KAUFMANN’s book raises crucially important questions — those that link the understanding of modern religion to the science of demography. The central thesis is easily summarised: religious people have more children than those of little or no faith — a tendency that is even more marked among “fundamentalists”. The long-term consequence will be a steady, and not always welcome, process of de-secularisation.
In itself this idea is not new. Earlier publications from the World Values Study (WVS), for example, claimed that as the world modernised it would necessarily secularise. At the same time, however, secular individuals are less inclined to reproduce themselves than their religious counterparts, meaning that the secularisation process is self-limiting (P. Norris and R. Ingelhard, Sacred and Secular: Religion and Politics Worldwide, Cambridge University Press, 2004).
Kaufmann develops what was largely a side issue in the WVS work as his main thesis. He begins with two conceptual chapters: one on the crisis of secularism and one on the hidden hand of history — demographic change. Four case studies follow: on the United States, on the Muslim world, on Europe, and on the State of Israel. In each, Kaufmann demonstrates how the tendency for the religious, and more especially the conservatively reli-gious, to have more children than their secular compatriots will have far-reaching consequences for the societies in question.
These are important questions that deserve our close attention. I have, however, serious reservations about some of Kaufmann’s conclusions. It is one thing to establish a relationship between religious predilections and family size, but quite another to use this to make projections — rather alarmist ones — for centuries to come. Such projections rest inevitably on “all other things being equal”, which is very unlikely to be the case. Indeed, in the field of religion, life is full of surprises.
In the 1960s, for example, it was commonplace to argue that liberal Protestantism was the form of Christianity most suited to the modern world — in that liberal Protestants were intellectually attuned to modern developments and were able to make connections between their faith and the surrounding society. Conservative forms of religion, conversely, were destined to decline. Some 40 years later, precisely the reverse has happened: it is the more rigorous (often emotional) types of religion which flourish at the expense of the purely cerebral. Why, then, should the predictions made today be any more stable than those made by previous generations?

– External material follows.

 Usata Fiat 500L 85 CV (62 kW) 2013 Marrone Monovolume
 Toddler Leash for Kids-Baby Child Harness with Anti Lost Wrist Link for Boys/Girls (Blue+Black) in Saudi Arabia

Kaufmann recognises the shift that I have just described, explaining this as the reaction of “fundamental-ism” to what seemed (indeed, to many still seems) the inexorable march of secularism. It is here that my second reservation is located. Under the rubric “fundamentalism” (itself a loaded term), Kaufmann brings together a very wide range of religions — including, among others, the Amish, the Mormons, and the new religious Right in North America, the Laestadian Lutherans of Finland, Pentecostals from different parts of the global South, various forms of Islamism, and the ultra-Orthodox Jews in Israel.
Most certainly, it is possible to be too fastidious about the definition of fundamentalism and to render the term almost useless, but Kaufmann goes to the other extreme — he includes too much. Not all those listed above are fundamentalists in the general understanding of the term: they are simply distinctive in their religious views and choose, in some cases, to keep themselves to themselves.
Specifically, the elision of Pentecostals and fundamentalists is a serious category error.
This brings me to my final comment. The book raises an interesting theme, but is too often written for effect. The style, as well as the content, fails to convince — not least the misuse of terms, unnecessary repetitions, and the name-dropping. This is a pity, given that the topics exposed by Kaufmann deserve very careful consideration. Is there a connection between religiousness and fertility? What are the reasons for this, and is this connection likely to endure for the foreseeable future?
Dr Grace Davie is Professor of Sociology at the University of Exeter.